7.2.3.Learning about R packages - quanganh2001/Google-Data-Analytics-Professional-Certificate-Coursera GitHub Wiki
Available R packages
To make the most of R for your data analysis, you will need to install packages. Packages are units of reproducible R code that you can use to add more functionality to R. The best part is that the R community creates and shares packages so that other users can access them! In this reading, you will learn more about widely used packages and where to find them.
Packages can be found in repositories, which are collections of useful packages that are ready to install. You can find repositories on Bioconductor, R-Forge, rOpenSci, or GitHub, but the most commonly used repository is the Comprehensive R Archive Network or CRAN. CRAN stores code and documentation so that you can install packages into your own RStudio space.
Package documentation
Packages will not only include the code itself, but also documentation that explains the package’s author, function, and any other packages that you will need to download. When you are using CRAN, you can find the package documentation in the DESCRIPTION file.

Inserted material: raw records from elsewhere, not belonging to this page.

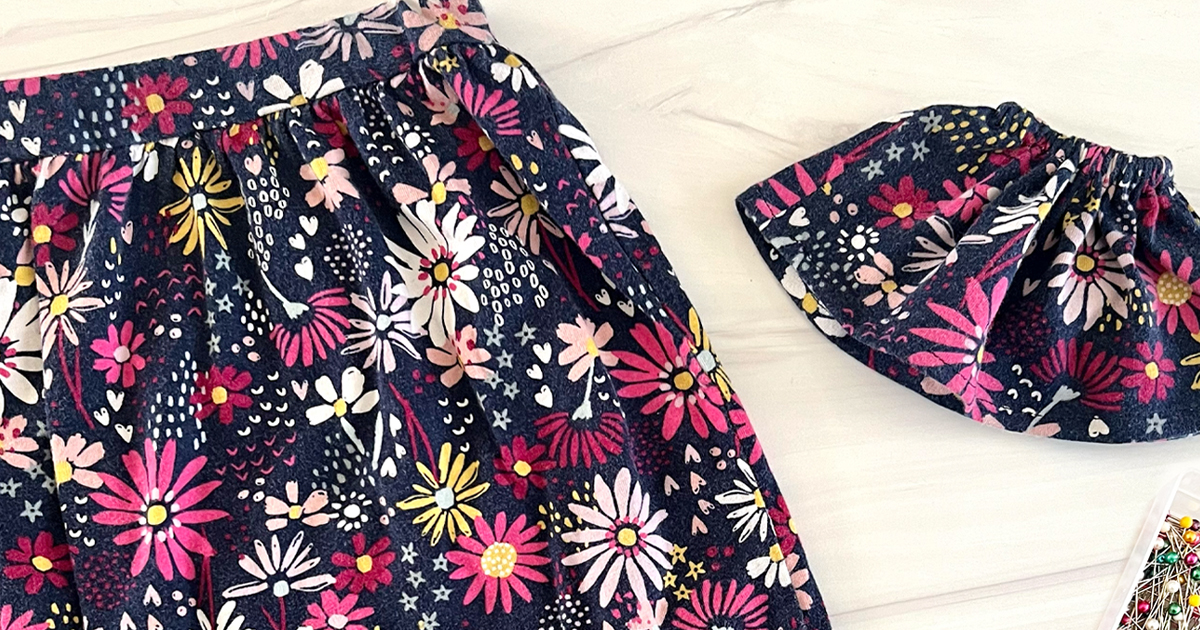 Doll and girl matching skirts.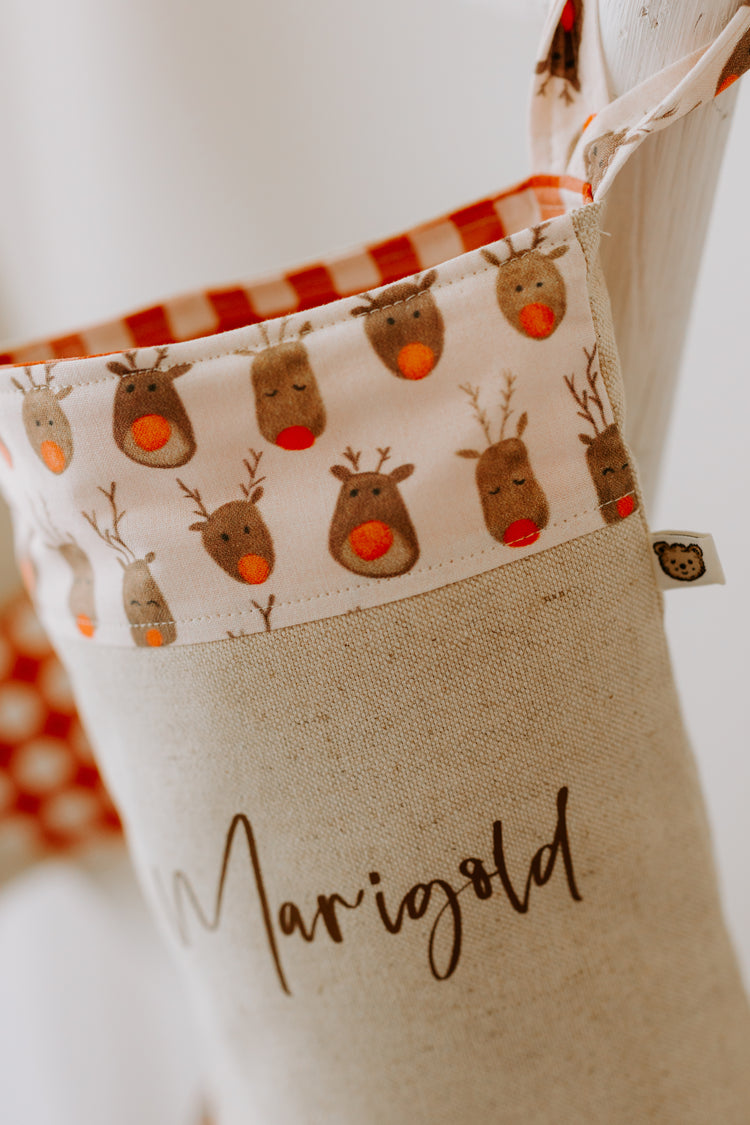 Close-up of handmade personalised Christmas stocking in beige fabric with red gingham trim and reindeer print cuff, customised with name Marigold.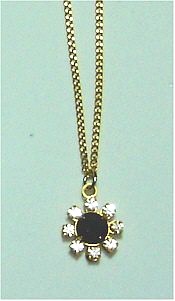 Small flower of rhinestone petals with black stone center on gold chain.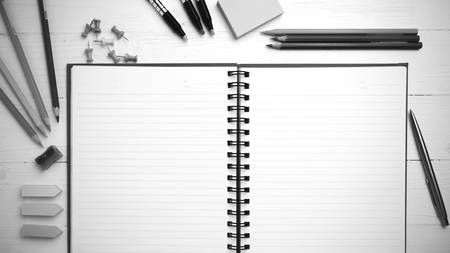 notepad with office supplies on white table view from above black and white tone color style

Check out Karl Broman's R Package Primer to learn more.
Choosing the right packages
With so many packages out there, it can be hard to know which ones will be the most useful for your library or directory of installed packages. Luckily, there are some great resources out there:
-
Tidyverse : the tidyverse is a collection of R packages specifically designed for working with data. It’s a standard library for most data analysts, but you can also download the packages individually.
-
Quick list of useful R packages : this is RStudio Support’s list of useful packages with installation instructions and functionality descriptions.
-
CRAN Task Views : this is an index of CRAN packages sorted by task. You can search for the type of task you need to perform and it will pull up a page with packages related to that task for you to explore.
You will discover more packages throughout this course and as you use R more often, but this is a great starting point for building your own library.
Hands-On Activity: Installing and loading tidyverse
Activity overview
In the last activity, you explored the R sandbox and used some R packages such as the tidyverse. In this activity, you’ll explore further with the tidyverse collection of packages and learn about them using the browseVignettes function.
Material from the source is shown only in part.